Turtulli was a supporter of Prince Wied for the Albanian throne. He was part of the delegation that went to Neuwied, Germany to offer the crown to Wied.

He was elected Minister of Health and Education in the provisional government of Turhan Pasha Përmeti on May 20, 1914. He spent most of the period until 1918 in Lausanne, Switzerland. During this time, he was active in the Albanian patriotic press where he advocated total unity between social and regional communities of Albania. While in Switzerland, together with Pandeli Cale and Sotir Kolea, he published the periodical L'Albanie, which went out during 1915–1919.

On June 3, 1917, with his initiative, Vatra, the Pan-Albanian Federation of America held a fundraising congress in order to support the diplomatic activities of Albania in the processes following World War I. Turtulli was the first to donate, with an amount of $1,000. In his telegram, he urged all members of Albanian-American diaspora to donate $10. This was the first fundraising event of Vatra, for this purpose.

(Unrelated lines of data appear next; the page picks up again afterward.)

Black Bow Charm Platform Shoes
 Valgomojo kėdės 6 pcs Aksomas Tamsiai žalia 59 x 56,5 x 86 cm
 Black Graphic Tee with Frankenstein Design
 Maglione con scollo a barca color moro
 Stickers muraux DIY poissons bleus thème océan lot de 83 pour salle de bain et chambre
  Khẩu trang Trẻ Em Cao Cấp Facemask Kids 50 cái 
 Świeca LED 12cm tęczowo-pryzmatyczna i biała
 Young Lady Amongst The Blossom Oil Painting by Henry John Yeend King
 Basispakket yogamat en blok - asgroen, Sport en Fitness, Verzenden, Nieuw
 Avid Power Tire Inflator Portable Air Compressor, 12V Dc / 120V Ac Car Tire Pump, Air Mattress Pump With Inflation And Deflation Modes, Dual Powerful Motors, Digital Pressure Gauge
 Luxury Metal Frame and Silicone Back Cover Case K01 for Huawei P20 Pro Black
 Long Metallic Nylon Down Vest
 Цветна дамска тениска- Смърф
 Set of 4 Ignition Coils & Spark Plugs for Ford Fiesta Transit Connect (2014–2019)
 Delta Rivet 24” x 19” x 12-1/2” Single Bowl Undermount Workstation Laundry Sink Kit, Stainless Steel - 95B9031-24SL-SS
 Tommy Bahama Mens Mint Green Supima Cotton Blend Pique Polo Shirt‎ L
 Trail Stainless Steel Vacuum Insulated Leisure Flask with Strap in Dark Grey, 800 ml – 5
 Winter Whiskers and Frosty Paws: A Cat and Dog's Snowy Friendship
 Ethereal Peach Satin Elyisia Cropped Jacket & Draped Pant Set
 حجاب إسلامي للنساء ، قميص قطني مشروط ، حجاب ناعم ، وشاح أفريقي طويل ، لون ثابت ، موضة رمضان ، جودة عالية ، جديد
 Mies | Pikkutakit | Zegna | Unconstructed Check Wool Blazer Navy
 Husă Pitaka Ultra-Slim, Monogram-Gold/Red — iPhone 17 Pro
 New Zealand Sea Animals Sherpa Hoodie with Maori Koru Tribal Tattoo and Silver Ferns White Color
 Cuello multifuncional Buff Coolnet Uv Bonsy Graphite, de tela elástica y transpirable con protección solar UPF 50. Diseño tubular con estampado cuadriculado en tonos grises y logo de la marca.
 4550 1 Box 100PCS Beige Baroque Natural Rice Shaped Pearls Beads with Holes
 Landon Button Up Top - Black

In 1918, he was elected Representative of Vatra to establish contacts with the Albanian community of Italy and Italian authorities, in the eve of Congress of Durrës. Due to his non pro-Italian stance, he was substituted by Mehmed Konica. Turtulli participated in the Congress of Durres (Dec 25–27, 1918), and was elected Minister without portfolio in the government that came out of it.

In 1919, he represented Albania in the Paris Peace Conference. He strongly advocated the unity of Albanian nation against the stance of Alexandros Karapanos who represented the Greeks of Northern Epirus (South Albania) claiming that the region should be ceased to Greece and that was the will of the Orthodox population, by stating: "I am from Korça. I have worked as a doctor in that town. I say there are no Greeks in Korça, not even in Korça area. Greece stirs things up. They think that the Christians, like me, are Greek. This is not correct. It is pretended that all the Orthodox people are Greek. Why? Russians, Bulgarians, Serbs, even being Orthodox they are not Greek".

Turtulli was a delegate at the Congress of Lushnja of 1920, and was elected member of the High Council of State as representative of the Albanian Orthodox population, along with Luigj Bumçi for the Catholic, Aqif Pasha Elbasani for the Bektashi, and Abdi Bey Toptani for the Muslim. In April 1921, he stopped participating in the Council's activities, and retired completely in 1922, following the allegations that Bumçi and Aqif Pasha Elbasani were involved in a coup d'etat against Ahmet Zogu's government. He left Albania in December 1924 after the suppression of the June Revolution. Though he went back to Egypt, unlike most of the anti-Zogist personalities who fled the country, he affiliated himself with KONARE (The National Revolutionary Committee) founded by Fan Noli in Vienna. Meanwhile, Zogu's government had him on the black list, and he was sentenced in absentia to 101 years, but he was included in an amnesty of 1927.

Turtulli returned shortly to Albania, and thenwent back to Egypt where he spent the final years of his life.